Imitating Life: The Audacity Of Suzanne Heintz – Film Subject Q&A Follows Screening
Suzanne Heintz, a ‘loud-mouthed’ girl from Yonkers, embarks on a strange and entertaining 15-year global photographic crusade to challenge persisting stereotypes about women’s roles and lives. With her provocative eye, sharp sense of humor, and feminist’s soul, she creates glamorous portraits of mid-20th century domestic bliss by placing herself at the center of scenes where she is the perfect wife and mother of a meticulously dressed mannequin family. When social media catapults interest in work, Heintz’s resilience is put to the test.
Actually, Iconic: Richard Estes – Filmmaker Q&A Following Screening
Richard Estes has been called the “father of photorealism” due to his hyperrealistic paintings. He has humbly avoided media attention over his long career, yet is admired by artists ranging from Salvador Dali to Chuck Close. ACTUALLY, ICONIC: RICHARD ESTES invites viewers into Estes’ world with unprecedented access to the artist and his masterpieces. Through detailed discussions of his technique and inspirations and interviews with leading curators and critics, this delicate portrait does more than just explore Estes’ pioneering genius—it humanizes it.
Ara Malikian: A Life Among Strings
Ara Malikian, a multifaceted violinist of Lebanese origin and Armenian roots, left Beirut when he was only 14 years old to escape the violence of civil war. Against the backdrop of his latest international “Symphonic Tour,” ARA MALIKIAN: A LIFE AMONG STRINGS chronicles the musician’s personal journey and his career in classical and contemporary music. Malikian has toured in over 40 countries on 5 continents, recorded more than 30 albums, performing all music genres—from Bach to Led Zeppelin—with multiculturalism as his calling card.

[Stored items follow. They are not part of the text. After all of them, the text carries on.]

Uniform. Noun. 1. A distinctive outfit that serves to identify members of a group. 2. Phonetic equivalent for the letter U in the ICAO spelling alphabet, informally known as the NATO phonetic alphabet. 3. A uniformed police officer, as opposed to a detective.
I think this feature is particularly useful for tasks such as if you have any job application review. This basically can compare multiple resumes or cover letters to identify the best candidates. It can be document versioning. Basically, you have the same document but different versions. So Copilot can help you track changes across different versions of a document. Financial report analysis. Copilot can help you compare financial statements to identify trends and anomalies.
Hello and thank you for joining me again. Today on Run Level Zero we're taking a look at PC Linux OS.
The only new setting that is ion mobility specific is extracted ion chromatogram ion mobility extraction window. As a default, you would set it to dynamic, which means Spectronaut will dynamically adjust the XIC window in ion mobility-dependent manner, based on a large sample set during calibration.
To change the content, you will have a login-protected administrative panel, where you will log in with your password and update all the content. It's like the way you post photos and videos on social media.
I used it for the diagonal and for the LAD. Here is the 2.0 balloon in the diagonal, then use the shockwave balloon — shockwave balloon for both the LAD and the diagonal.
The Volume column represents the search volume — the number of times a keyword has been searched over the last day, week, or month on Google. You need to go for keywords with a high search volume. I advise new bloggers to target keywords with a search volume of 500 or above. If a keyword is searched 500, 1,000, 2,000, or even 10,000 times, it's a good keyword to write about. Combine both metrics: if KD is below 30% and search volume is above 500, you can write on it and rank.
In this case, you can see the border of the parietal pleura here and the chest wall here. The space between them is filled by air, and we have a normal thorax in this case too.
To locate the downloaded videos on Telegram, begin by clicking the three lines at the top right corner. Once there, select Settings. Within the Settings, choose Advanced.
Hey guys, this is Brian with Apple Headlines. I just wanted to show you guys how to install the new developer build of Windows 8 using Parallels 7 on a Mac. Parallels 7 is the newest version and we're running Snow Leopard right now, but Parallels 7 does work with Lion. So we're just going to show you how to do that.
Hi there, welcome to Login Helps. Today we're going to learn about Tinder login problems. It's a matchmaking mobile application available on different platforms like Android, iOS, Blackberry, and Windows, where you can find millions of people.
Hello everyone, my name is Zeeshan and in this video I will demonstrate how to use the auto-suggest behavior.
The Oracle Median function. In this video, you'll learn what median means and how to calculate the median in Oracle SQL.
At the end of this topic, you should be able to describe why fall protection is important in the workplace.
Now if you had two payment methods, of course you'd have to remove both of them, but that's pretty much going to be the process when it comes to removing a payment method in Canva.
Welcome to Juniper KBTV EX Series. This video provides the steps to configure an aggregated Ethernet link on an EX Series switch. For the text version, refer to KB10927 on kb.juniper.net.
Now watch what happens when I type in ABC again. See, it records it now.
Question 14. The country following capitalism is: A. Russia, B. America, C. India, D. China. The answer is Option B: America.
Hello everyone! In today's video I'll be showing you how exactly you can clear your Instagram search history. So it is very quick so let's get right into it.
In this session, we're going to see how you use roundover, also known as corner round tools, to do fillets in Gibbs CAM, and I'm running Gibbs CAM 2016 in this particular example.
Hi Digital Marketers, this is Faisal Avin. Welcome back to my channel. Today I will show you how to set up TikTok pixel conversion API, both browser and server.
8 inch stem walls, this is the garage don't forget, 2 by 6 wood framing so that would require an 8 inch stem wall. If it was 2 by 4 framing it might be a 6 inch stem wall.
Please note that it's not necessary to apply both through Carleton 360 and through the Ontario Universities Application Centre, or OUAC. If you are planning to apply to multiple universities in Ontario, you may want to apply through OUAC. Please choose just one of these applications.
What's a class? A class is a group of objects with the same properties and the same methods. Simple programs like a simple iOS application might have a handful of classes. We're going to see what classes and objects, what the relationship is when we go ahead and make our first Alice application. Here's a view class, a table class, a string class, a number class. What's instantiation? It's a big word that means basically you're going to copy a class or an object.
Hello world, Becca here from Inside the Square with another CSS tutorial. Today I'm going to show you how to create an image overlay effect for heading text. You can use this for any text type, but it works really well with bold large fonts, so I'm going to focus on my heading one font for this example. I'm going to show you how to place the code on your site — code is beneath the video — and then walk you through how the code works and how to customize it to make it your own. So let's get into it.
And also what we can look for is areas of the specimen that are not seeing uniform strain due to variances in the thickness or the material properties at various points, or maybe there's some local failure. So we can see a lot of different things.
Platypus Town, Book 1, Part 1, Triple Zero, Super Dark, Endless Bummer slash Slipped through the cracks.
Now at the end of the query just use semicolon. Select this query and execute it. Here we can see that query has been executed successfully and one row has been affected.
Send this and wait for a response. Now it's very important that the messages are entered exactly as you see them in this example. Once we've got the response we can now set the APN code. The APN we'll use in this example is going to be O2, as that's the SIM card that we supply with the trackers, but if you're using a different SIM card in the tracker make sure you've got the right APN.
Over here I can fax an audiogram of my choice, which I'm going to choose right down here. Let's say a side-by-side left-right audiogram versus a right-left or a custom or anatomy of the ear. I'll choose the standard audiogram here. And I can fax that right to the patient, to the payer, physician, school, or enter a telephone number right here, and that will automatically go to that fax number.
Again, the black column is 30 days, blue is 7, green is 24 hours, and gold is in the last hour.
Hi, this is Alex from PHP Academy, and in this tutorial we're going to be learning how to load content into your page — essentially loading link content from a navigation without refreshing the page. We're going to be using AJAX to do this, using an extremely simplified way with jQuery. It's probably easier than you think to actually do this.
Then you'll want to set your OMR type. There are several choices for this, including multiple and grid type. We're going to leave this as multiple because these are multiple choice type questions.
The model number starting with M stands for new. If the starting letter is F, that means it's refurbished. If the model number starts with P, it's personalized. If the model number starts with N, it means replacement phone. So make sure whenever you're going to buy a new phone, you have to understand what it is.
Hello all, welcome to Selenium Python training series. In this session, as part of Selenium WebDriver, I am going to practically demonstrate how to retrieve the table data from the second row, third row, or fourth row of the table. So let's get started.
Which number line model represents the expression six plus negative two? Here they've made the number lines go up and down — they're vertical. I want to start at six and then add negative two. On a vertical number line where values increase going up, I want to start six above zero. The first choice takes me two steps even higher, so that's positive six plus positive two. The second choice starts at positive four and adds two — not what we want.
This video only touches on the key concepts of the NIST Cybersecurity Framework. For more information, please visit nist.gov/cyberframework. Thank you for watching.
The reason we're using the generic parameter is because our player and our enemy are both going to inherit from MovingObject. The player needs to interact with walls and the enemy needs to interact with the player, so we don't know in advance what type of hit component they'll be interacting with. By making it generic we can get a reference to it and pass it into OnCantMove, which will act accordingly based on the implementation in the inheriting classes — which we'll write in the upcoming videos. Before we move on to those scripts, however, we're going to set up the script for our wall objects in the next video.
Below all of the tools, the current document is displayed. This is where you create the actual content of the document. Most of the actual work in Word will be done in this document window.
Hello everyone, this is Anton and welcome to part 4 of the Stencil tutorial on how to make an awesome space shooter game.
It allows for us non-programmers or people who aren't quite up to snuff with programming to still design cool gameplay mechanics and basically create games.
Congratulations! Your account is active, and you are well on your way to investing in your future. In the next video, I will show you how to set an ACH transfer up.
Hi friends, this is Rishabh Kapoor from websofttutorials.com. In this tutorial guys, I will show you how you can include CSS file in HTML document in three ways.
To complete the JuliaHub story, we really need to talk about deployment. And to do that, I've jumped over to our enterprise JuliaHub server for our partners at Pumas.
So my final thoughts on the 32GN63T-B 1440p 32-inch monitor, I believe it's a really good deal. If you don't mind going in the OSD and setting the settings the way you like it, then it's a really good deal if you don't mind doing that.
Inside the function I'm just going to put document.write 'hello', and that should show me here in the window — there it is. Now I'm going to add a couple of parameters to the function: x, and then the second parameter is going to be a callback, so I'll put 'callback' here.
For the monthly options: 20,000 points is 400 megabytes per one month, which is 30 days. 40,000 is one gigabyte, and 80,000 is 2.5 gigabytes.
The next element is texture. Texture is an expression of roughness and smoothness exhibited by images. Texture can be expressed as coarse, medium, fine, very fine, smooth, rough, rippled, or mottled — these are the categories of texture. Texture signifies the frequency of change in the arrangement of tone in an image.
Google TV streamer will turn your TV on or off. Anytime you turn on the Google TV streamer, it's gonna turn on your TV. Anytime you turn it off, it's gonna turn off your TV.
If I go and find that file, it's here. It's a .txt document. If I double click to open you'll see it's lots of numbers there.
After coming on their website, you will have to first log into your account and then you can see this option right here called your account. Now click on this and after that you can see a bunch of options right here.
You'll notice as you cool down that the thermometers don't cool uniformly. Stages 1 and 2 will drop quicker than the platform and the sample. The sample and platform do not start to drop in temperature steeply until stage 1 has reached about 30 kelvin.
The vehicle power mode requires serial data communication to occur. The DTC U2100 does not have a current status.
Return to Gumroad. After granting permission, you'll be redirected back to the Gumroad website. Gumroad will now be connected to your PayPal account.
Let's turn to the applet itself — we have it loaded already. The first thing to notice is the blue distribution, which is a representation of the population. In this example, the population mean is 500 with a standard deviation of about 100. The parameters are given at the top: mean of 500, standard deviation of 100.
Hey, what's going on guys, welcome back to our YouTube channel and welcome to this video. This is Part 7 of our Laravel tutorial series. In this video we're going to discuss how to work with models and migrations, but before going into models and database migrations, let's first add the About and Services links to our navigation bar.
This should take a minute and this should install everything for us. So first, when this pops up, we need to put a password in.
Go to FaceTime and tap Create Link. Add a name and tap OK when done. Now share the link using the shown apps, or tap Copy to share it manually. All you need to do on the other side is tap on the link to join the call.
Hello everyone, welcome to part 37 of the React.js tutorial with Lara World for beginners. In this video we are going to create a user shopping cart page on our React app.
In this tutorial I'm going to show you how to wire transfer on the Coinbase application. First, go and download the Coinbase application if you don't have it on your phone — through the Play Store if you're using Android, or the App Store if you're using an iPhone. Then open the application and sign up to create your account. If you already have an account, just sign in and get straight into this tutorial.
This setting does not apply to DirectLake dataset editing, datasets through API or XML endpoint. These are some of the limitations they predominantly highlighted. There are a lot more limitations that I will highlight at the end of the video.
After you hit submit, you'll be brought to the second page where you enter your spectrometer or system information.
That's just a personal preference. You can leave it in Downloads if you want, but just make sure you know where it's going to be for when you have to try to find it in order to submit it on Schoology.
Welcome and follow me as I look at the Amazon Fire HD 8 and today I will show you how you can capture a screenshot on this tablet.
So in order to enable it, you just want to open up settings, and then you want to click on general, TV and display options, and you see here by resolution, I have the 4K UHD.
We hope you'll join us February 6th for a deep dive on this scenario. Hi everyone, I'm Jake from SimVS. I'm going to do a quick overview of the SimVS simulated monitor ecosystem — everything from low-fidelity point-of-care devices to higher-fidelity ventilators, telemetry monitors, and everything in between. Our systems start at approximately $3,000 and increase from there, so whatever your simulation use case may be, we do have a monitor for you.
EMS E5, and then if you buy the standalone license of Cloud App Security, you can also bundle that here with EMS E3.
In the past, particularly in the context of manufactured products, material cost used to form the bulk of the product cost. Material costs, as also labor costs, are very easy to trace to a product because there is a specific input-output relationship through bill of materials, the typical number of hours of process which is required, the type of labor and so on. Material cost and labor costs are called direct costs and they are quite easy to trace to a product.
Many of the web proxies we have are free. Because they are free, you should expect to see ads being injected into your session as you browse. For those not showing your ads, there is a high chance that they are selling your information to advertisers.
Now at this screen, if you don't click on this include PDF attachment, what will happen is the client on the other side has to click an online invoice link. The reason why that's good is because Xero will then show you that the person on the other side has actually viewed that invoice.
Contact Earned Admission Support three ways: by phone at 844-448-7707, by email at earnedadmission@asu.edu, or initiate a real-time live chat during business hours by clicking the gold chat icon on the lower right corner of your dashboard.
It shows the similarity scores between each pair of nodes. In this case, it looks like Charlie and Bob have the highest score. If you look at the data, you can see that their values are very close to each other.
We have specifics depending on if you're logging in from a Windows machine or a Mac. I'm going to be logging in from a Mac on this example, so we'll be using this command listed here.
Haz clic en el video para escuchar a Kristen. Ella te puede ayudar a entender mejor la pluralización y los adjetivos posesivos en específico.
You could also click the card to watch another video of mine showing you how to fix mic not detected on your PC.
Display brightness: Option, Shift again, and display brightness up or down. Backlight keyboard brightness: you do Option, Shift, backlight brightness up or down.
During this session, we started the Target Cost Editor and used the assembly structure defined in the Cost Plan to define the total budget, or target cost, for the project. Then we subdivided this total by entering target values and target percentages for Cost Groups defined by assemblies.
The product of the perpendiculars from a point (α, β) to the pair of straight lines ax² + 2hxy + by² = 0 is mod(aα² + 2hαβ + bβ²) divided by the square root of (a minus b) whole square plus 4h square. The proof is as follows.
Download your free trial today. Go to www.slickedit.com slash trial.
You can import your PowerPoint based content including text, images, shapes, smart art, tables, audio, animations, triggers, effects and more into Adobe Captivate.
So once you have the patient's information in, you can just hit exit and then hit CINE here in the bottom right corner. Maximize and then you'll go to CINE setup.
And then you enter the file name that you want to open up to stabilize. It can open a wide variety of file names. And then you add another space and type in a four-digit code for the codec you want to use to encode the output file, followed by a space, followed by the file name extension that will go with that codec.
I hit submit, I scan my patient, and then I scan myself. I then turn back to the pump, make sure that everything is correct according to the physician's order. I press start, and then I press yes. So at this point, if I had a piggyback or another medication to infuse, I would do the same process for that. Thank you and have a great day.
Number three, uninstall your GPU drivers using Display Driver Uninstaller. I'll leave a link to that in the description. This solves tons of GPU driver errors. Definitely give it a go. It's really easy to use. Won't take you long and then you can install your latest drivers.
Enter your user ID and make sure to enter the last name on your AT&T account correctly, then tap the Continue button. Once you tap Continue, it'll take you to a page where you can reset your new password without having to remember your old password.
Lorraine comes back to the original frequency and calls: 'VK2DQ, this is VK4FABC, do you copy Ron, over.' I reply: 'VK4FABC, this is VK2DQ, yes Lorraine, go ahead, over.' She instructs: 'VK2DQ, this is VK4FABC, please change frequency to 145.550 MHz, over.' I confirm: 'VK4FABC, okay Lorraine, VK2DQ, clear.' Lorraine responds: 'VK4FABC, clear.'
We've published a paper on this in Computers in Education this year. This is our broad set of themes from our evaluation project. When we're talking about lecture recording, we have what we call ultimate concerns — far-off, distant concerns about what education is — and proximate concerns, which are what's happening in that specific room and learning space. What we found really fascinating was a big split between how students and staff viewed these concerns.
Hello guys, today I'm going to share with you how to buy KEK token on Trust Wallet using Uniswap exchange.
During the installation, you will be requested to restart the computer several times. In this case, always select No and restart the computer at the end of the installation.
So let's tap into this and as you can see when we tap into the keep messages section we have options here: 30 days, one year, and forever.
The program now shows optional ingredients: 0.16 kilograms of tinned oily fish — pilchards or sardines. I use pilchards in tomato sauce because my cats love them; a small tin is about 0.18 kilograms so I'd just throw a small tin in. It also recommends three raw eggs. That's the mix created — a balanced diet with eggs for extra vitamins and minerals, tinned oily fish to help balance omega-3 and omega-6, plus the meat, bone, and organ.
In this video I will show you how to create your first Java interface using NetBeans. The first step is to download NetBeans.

Often referred to as the “genius of all media,” László Moholy-Nagy worked in painting, sculpture, printmaking, photography, film, typography, product design, and exhibition design. A faculty member of the Bauhaus in Germany, he left in 1934 after the Nazi regime shuttered the school. Settling in Chicago in 1937, he opened The New Bauhaus, forever transforming arts education in America and beyond. By drawing extensively on personal archives and interviews, THE NEW BAUHAUS creates an intimate portrait of this early champion of human-centered design and his enduring influence on American art, design, and culture.